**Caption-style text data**
------------

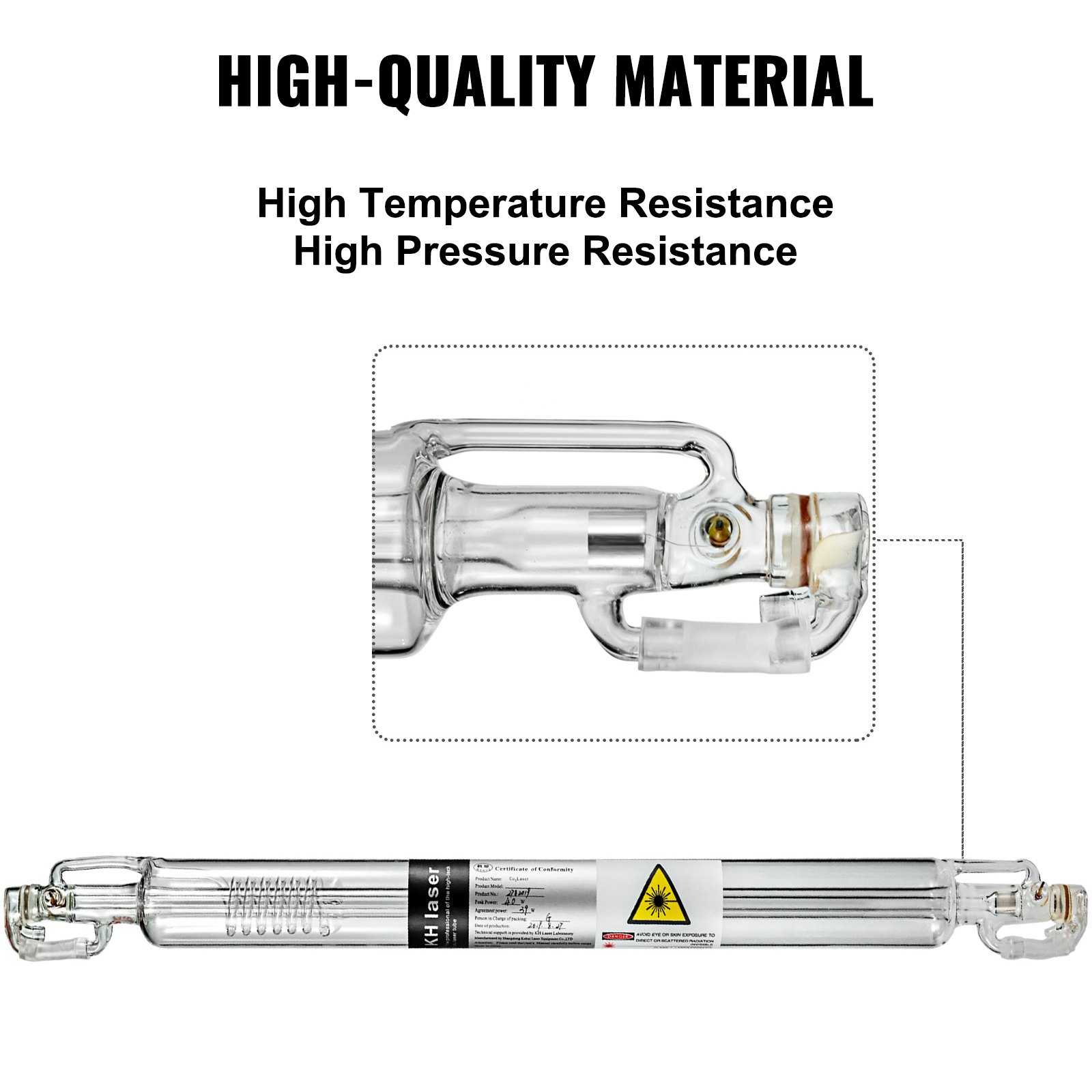 VEVOR 60W CO2 Laser Tube Professionelle Laserröhre 1000mm Länge Glass Laser Tube für Laserschneiden Lasermarkieren Lasergravieren und Acrylschneiden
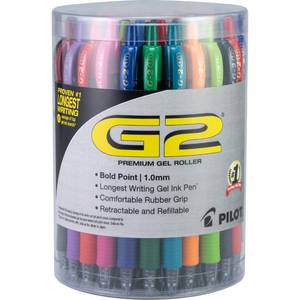 lot 7927 image: Pilot G2 Premium Gel Pens, Bold 0.04 in Point, Assorted Inks, Tub of 36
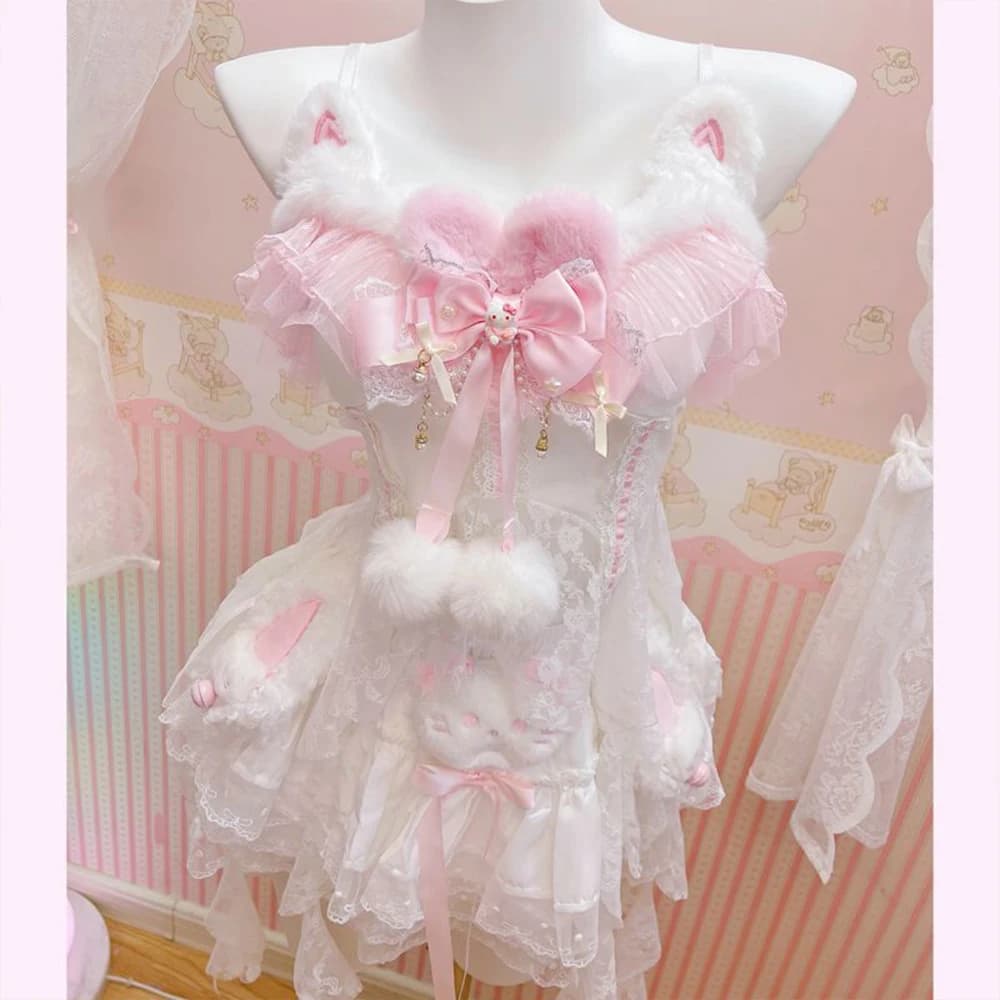 Vestito Kawaii Hello Kitty con Orecchie da Gatto e Pizzo per Donne, Stile Y2K Sweet Lolita con Bordo in Pelliccia, Abito con Spalline Sottili, Costume Carino per Feste a Tema
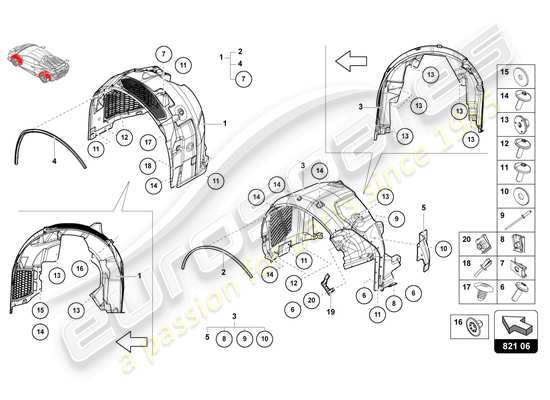 a part diagram from the Lamborghini Huracan STO parts catalogue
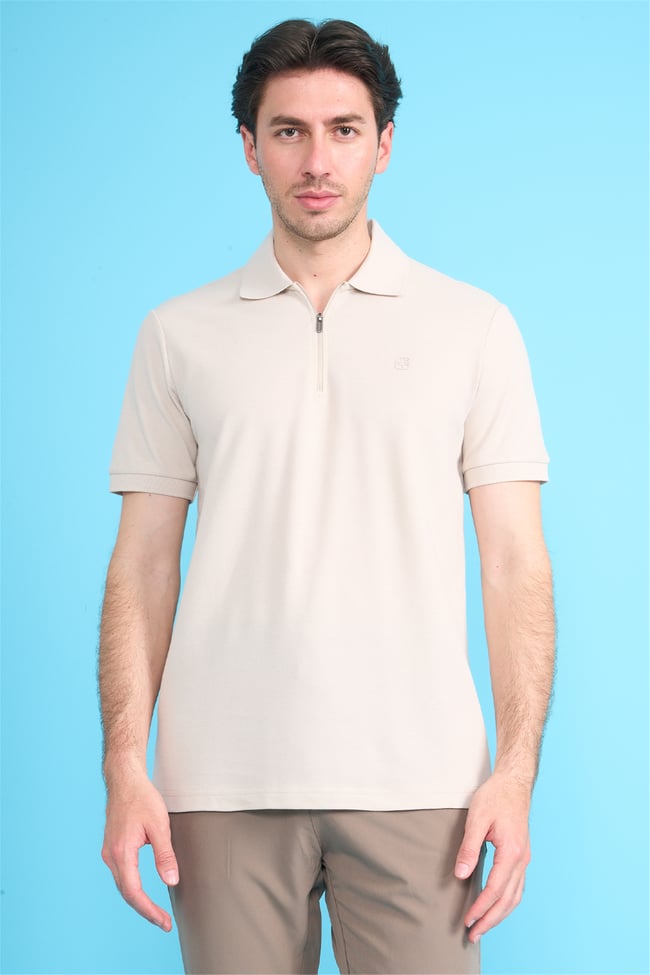 Mareteks 2654 Js Tas Erkek Polo Yaka Altı Baskı Fermuar Pıke T-Shırt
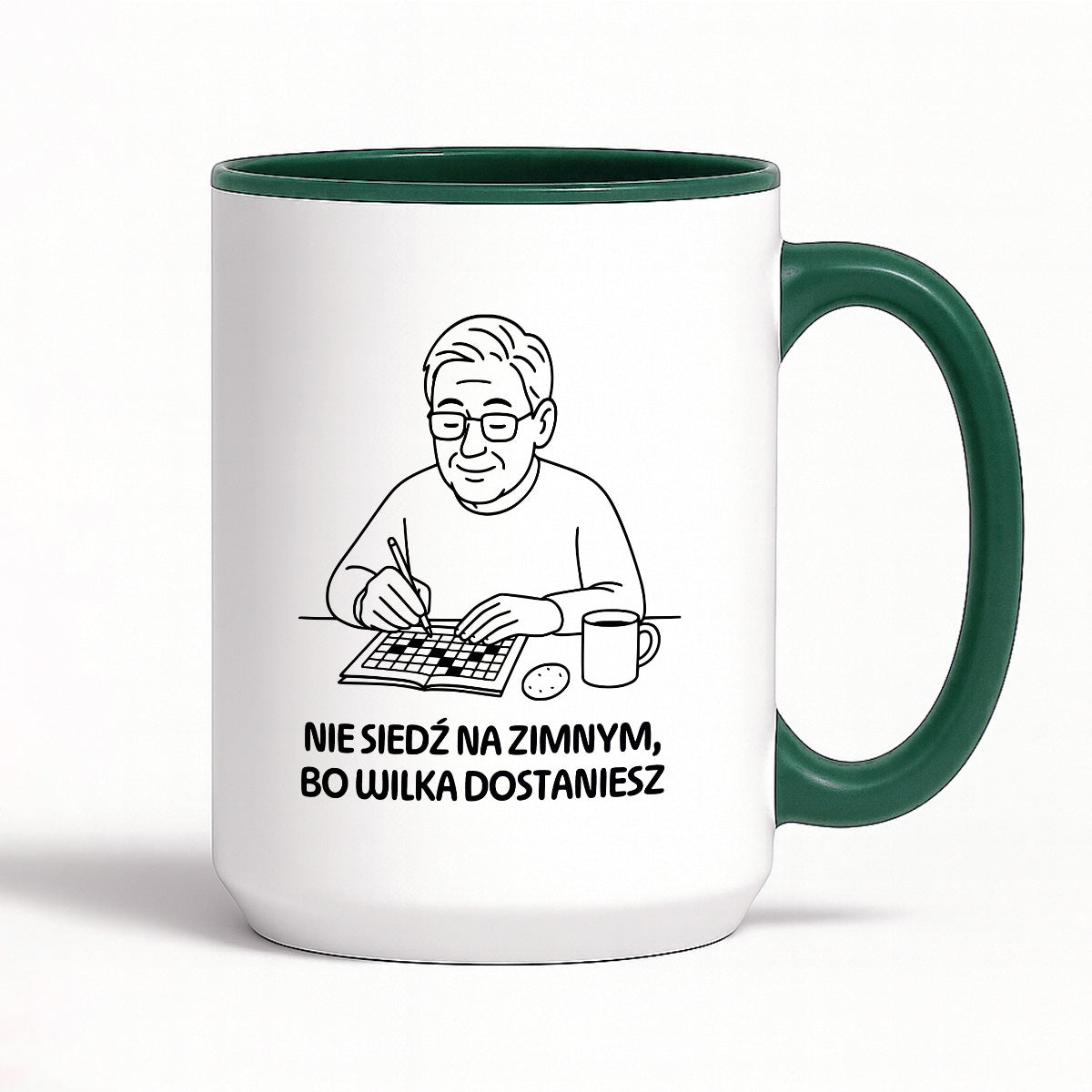 Kubek dla Babci / Dziadka - "Nie siedź na zimnym, bo wilka dostaniesz"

------------

**Work to complete**
In the records above, find the line that contains "a part diagram", then write it out along with every line after it, exactly, through the last one. Leave the pictures out.

**Result**
 a part diagram from the Lamborghini Huracan STO parts catalogue
 Mareteks 2654 Js Tas Erkek Polo Yaka Altı Baskı Fermuar Pıke T-Shırt
 Kubek dla Babci / Dziadka - "Nie siedź na zimnym, bo wilka dostaniesz"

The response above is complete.